▶ [Description of the task]:
Reproduce the listing below from the line with "Firestone Tractor Tires: Who" to the line with "Kate Storm in", both lines included, character for character, minus any pictures.
Provided information below:
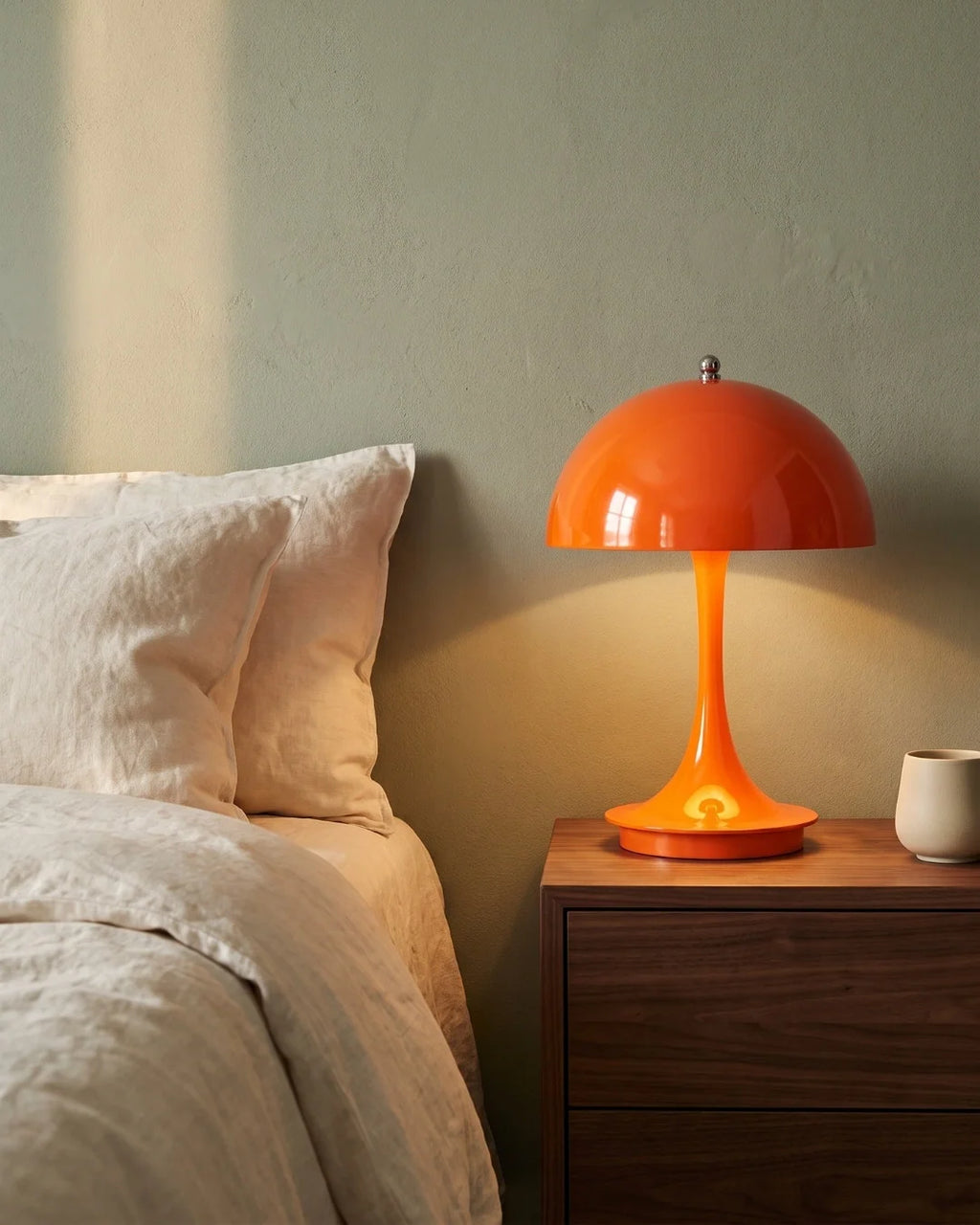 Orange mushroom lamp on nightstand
End of Provided information.
Provided information below:
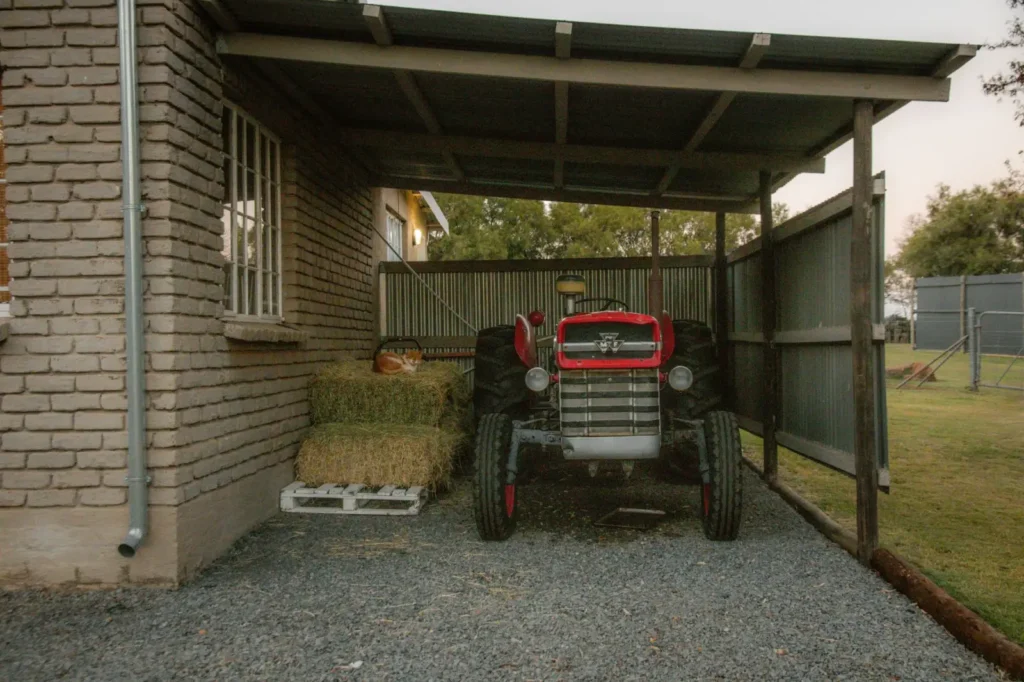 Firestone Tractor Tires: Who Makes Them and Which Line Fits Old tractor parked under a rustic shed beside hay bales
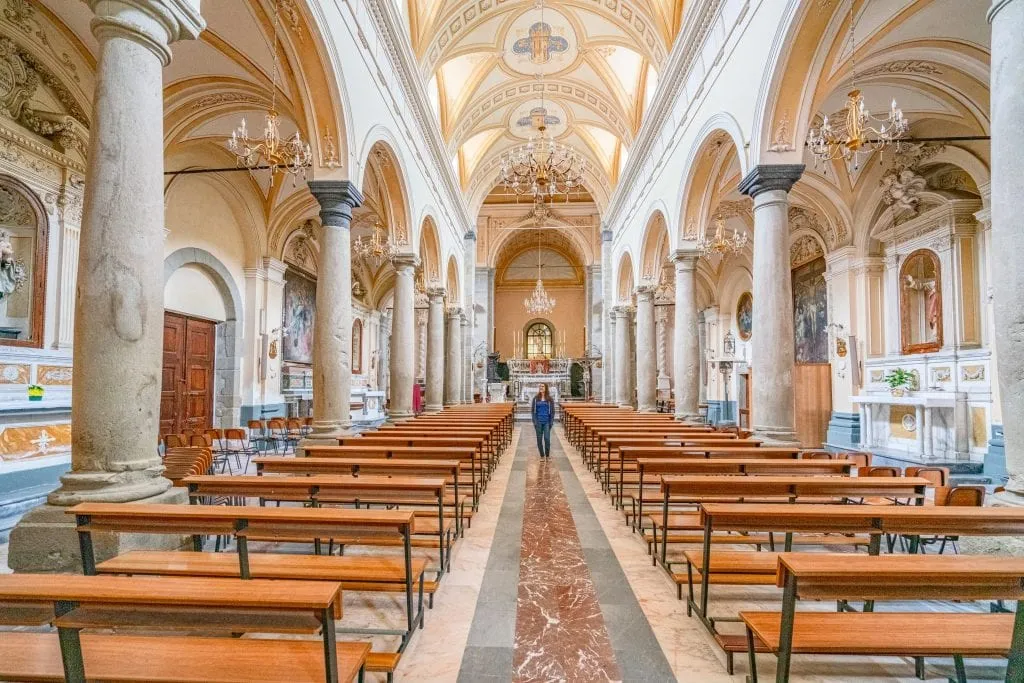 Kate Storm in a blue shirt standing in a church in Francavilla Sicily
End of Provided information.
▶ [Completed exercise]:
 Firestone Tractor Tires: Who Makes Them and Which Line Fits Old tractor parked under a rustic shed beside hay bales
 Kate Storm in a blue shirt standing in a church in Francavilla Sicily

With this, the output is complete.